View of the ceiling vault

Palazzo Venturi, Siena

The Palazzo Venturi (later Palazzo Agostini then Palazzo Casini-Casuccini, now Palazzo Bindi Sergardi) is a palace in the Via dei Pellegrini, just a few steps from the Campo in Siena. Beccafumi painted here, on the ceiling in a room on the second floor, a fresco cycle with eight scenes of exemplary deeds of ancient heroes, ten medallions with scenes from ancient mythology and history, as well as twenty famous women of antiquity. The room now belongs to a private apartment.

The commission came from a member of the Venturi family. It is not clear whether Beccafumi was originally supposed to paint the walls, or at least the lunettes, in addition to the ceiling frescoes visible today. Vasari, who was the first to describe and praise the frescoes in his Vite (1550), named Marcello Agostini as the owner of the palace.

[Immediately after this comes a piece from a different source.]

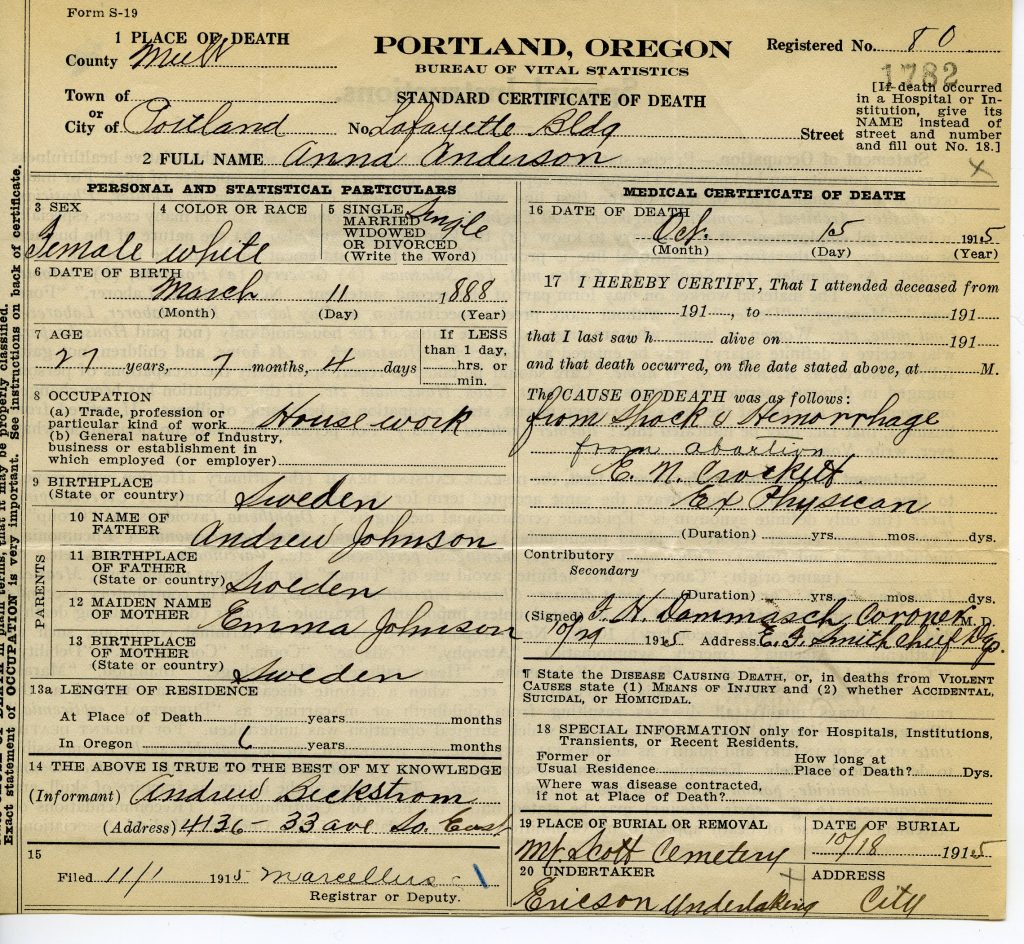 1915 - Anna Anderson - Portland, OR - Multnomah County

The form of the ceiling vault, with three spandrels on the long walls and two on the short ones, suggested an articulation based on a type familiar to Beccafumi from Rome, where he had studied the frescoes in the Villa Farnesina.

Besides the two central paintings there are three cycles with different themes, each of which is meant to be observed separately: ancient history in the six octagons that surround the central paintings, ten mythological depictions in the oculi, and twenty women in the lower corners of the spandrels, several of whom immediately recognizable as famous heroines of antiquity.